Zambia has no plans to embrace gays
Zambia has no plans to amend laws that outlaw homosexuality, a government spokesman said in Lusaka on Thursday, following speculation of a change in response to a recent call from United Nations Secretary General Ban Ki-Moon.
"The laws of the land are very clear on this issue," Fackson Shamenda told a press briefing. He added that the government did not view gay rights as enshrined in international law.
During a visit to the country last month, Ban said: "Sexual orientation should not be a reason to discriminate any person." He added that "the rights of these (gay) people have been trampled upon".

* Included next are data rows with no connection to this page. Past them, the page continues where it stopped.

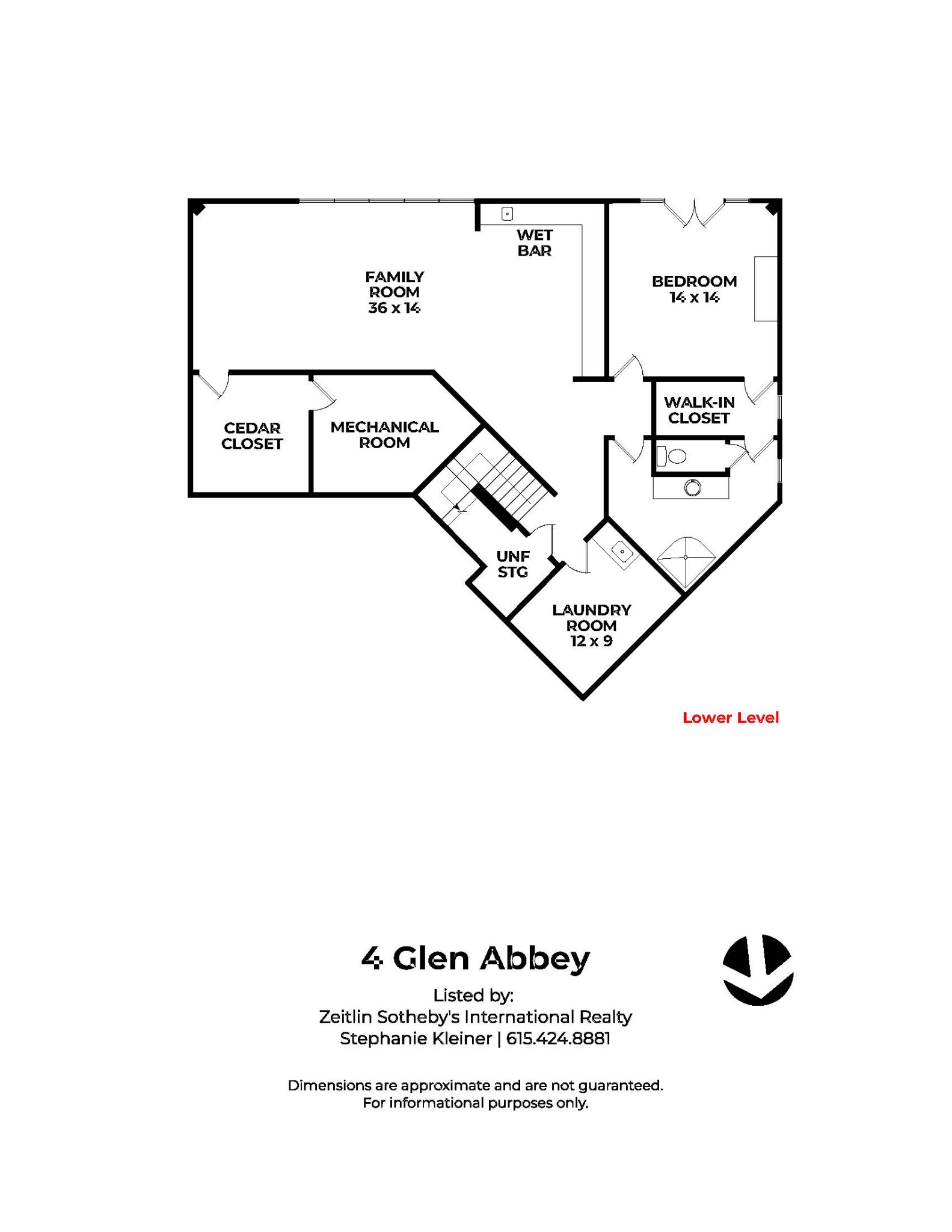  4 Glenn Abbey, Nashville, TN, 37215 - 物件實景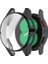 Samsung Galaxy Watch 4 (44MM) 360 Derece Full Koruma Silikon 1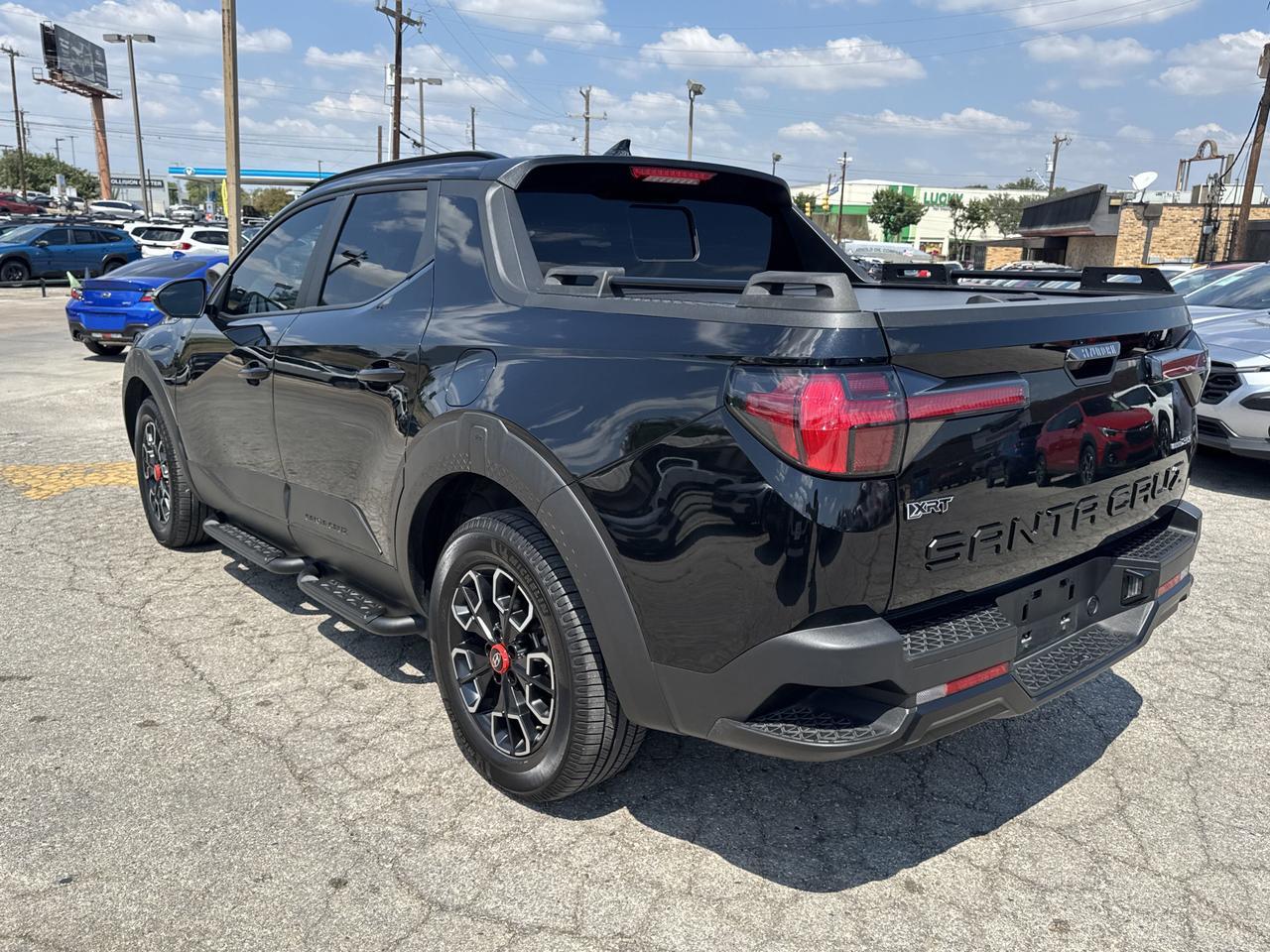 2024 Hyundai Santa Cruz XRT San Antonio TX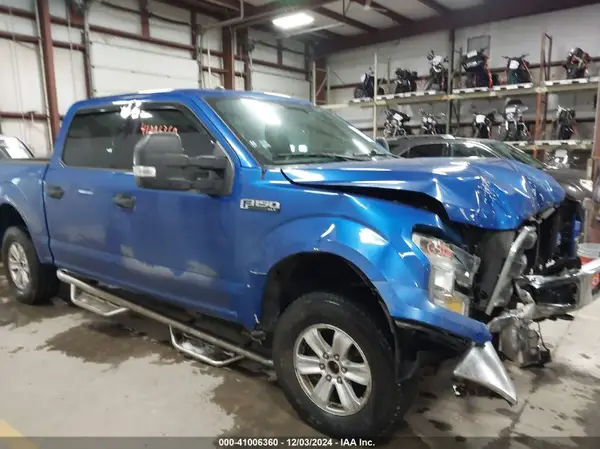 1FTEW1EF4GFB54645 2016 FORD F-150 - Image 1
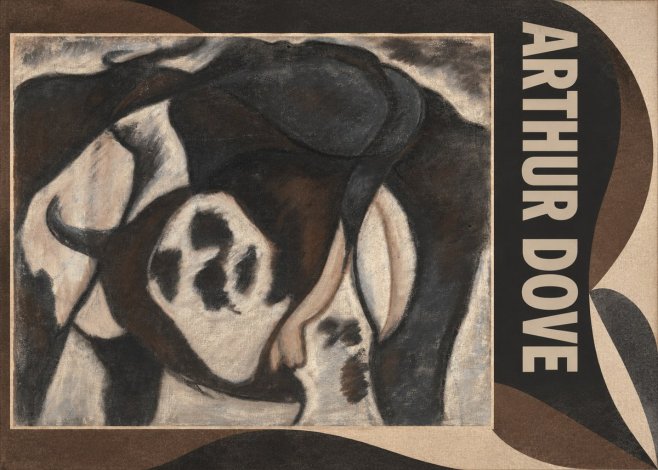 Arthur Dove The Bull No2 - Plakat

Following a meeting with President Michael Sata, Ban was asked by a reporter about liberties for gays, particularly in Africa, where more than 33 countries have laws against homosexuality.
"There is need to respect the rights of everybody not only in Zambia but everywhere else in the world. I know that President Michael Sata supports the call for the respect of everybody's rights regardless of sexual orientation," said Ban.
The comment sparked criticism from the country's conservative Christian community.
"It is inconceivable that the UN Secretary General can come here and tell us about the need to respect gay rights. That will not be accepted. Zambia is a Christian nation and it will continue to be so," said outspoken Bishop Joshua Banda of the Assemblies of God Church in Zambia.
Zambia's laws, a leftover from British rule during the colonial era, ban all homosexual activity for both genders.